When you are analyzing a system dump file, the kdb command must be started with arguments that specify the location of the dump file and the kernel file:
# kdb /var/adm/ras/vmcore.0 /unix
(The kernel file is used by the kdb command to resolve symbol names from the dump file.)

------------------------------------

A very valuable benefit of kdb, that a device setting stored in ODM (lsattr..) can be compared with the realtime value used in running kernel with kdb!!

------------------------------------

KDB COMMAND:

help display context                             lists subcommands with the context "display"
p -?                                             list of parameters for the p subcommand and a brief description
! <command>                                      shell escape (provides a convenient way to run UNIX commands without leaving kdb)
hi                                               print history
lke                                              list loaded extensions
pvol -M <major> -m <minor>                       display physical volume info
stat                                             system status info
status                                           processor status
                                               exit from kdb

------------------------------------

echo vfcs fcs0 | kdb | grep num_cmd_elems        shows num_cmd_elems in hex on VIO client with NPIV (compare with odm: lsattr -El fcs0)
                                                 (if you change num_cmd_elems with chdev, you can check in kdb if it really has been changed)
echo scsidisk hdisk0 | kdb | grep queue_depth    shows real-time value in hex of queue_depth of given disk

------------------------------------

Check VSCSI adapter mapping:
(run this on vio client, not on vio server)

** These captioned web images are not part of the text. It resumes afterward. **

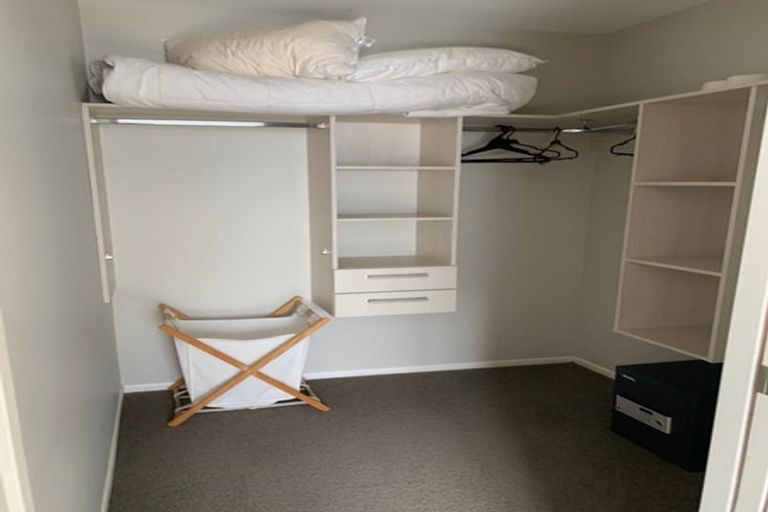 Photo of property in 386a East Coast Road, Sunnynook, Auckland, 0630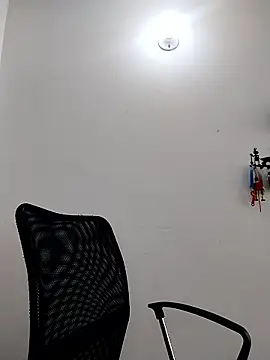 Emily Wane online show from January 5, 5:27 pm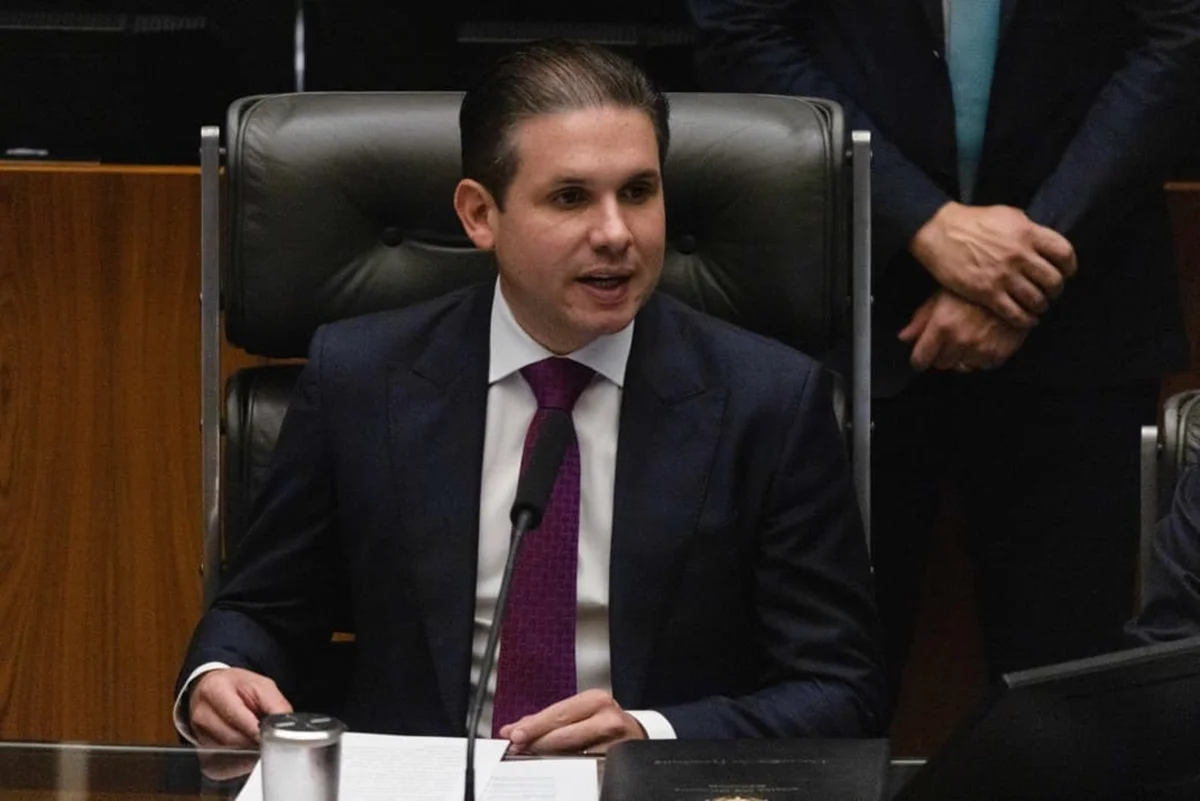 Em almoço com Motta, dirigentes partidários pressionam por voto distrital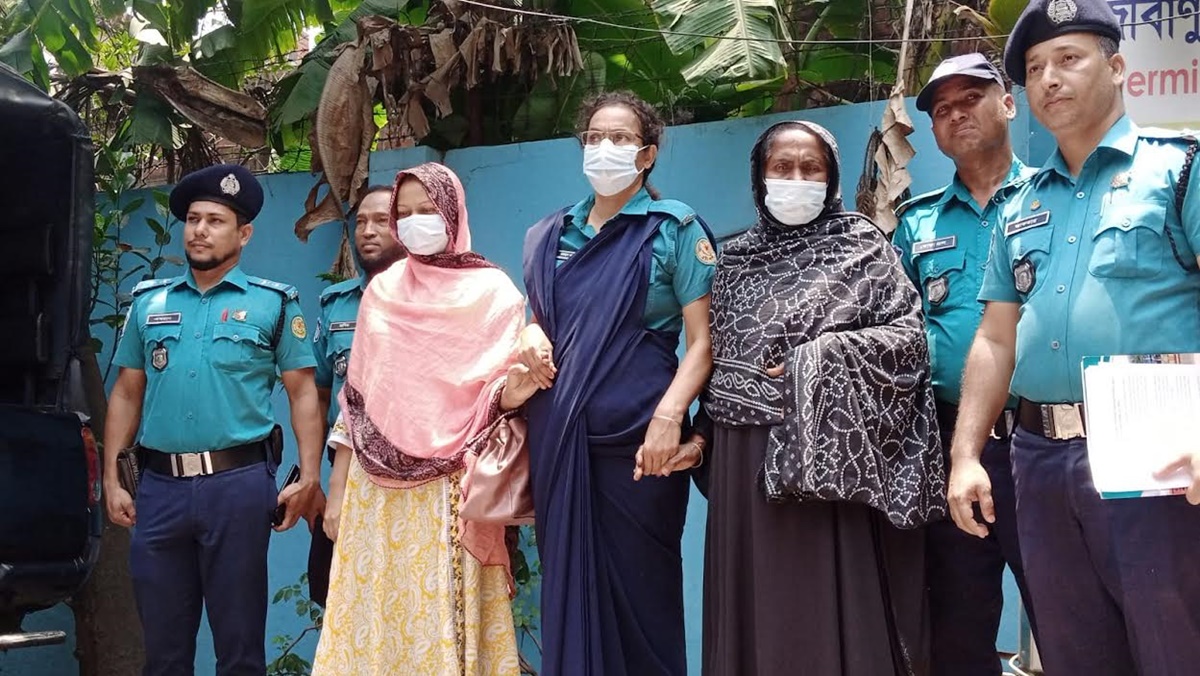 অর্ধেকেরও কম বয়সী নারীর সঙ্গে সম্পর্ক গড়ে খুন জাপার অর্থ সম্পাদক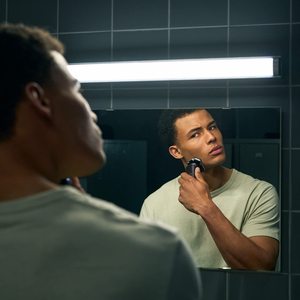 Afeitadora Eléctrica para Hombre, Uso en Seco y Húmedo, Triple Cuchilla, IPX7, Cartuchos de Limpieza Rápida, Recortadora Extraíble, Estuche de Viaje para el Cuerpo - Product Image 5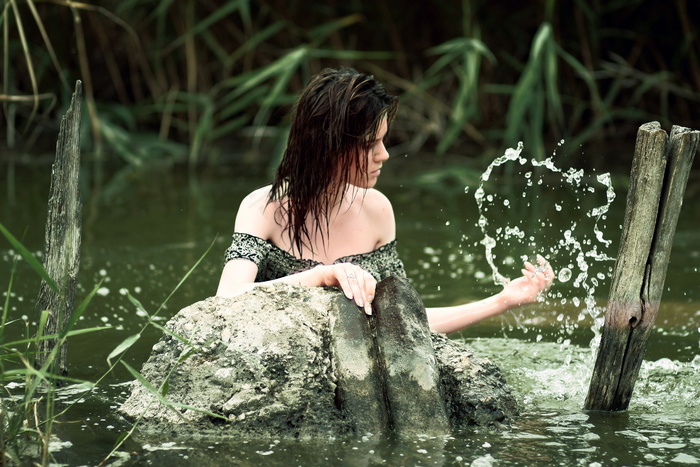 戏水性感美女图片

root@bb_lpar: / # echo "cvai" | kdb | grep vscsi                              <--cvai is a kdb subcommand
read vscsi_scsi_ptrs OK, ptr = 0xF1000000C01A83C0
vscsi0     0x000007 0x0000000000 0x0                aix-vios1->vhost2         <--shows which vhost is used on which vio server for this client
vscsi1     0x000007 0x0000000000 0x0                aix-vios1->vhost1
vscsi2     0x000007 0x0000000000 0x0                aix-vios2->vhost2


Check NPIV adapter mapping:
(run this on vio client, not on vio server)

root@bb_lpar: / # echo "vfcs" | kdb                                            <--vfcs is a kdb subcommand
...
NAME      ADDRESS             STATE   HOST      HOST_ADAP  OPENED NUM_ACTIVE
fcs0      0xF1000A000033A000  0x0008  aix-vios1 vfchost8  0x01    0x0000       <--shows which vfchost is used on vio server for this client
fcs1      0xF1000A0000338000  0x0008  aix-vios2 vfchost6  0x01    0x0000

------------------------------------

Check physical FC adapter setting (not in virtual environment):
(dyntrk, fc_err_recov, num_cmd_elems) 

These are the settings what we would like to verify:
----------
root@bb_lpar: / # lsattr -El fscsi0| egrep 'dyntrk|fc_err_recov'
dyntrk       yes       Dynamic Tracking of FC Devices        True
fc_err_recov fast_fail FC Fabric Event Error RECOVERY Policy True

root@bb_lpar: / # lsattr -El fcs0| grep num_cmd_elems
num_cmd_elems 200        Maximum number of COMMANDS to queue to the adapter True
----------

Verifying the settings from kernel:
1. root@bb_lpar: / # echo efscsi fscsi0 | kdb | grep efscsi_ddi
    struct efscsi_ddi ddi = 0xF1000A06007FA080                            <--this hexa value will be used


2. root@bb_lpar: / # echo dd 0xF1000A06007FA080+20 2 | kdb                <--"+20 2" should be added to the above hexa value
...                                                                       (20 is a reserved number)
F1000A06007FA0A0: 0101020202010200 000000B400000028  ...............(     <--on the specified locations you can decode the numbers there
                          FFDD     NNNNNNNN

FF = fc_error_recov:(we have "02" in this example here, which is fast_fail)
01 = delayed_fail 
02 = fast_fail

DD = dyntrk
: (we have "01" in this example here, which means "yes")
00 = disabled (no)
01 = enabled (yes)

NNNN = num_cmd_elems: (we have "B4" in this example here, but some calculation is still needed)
1. change to decimal value: 000000B4 --> 180
2. add 20 to the decimal number: 180 + 20 = 200
(you must always add "20" to the decimal value you get)

------------------------------------  

Volume group and lv info:


The volgrp subcommand displays information about vg and its lvs. 
The volgrp structure addresses are registered in the devsw table in the DSDPTR field.
(devsw: displays miscellaneous kernel data structures)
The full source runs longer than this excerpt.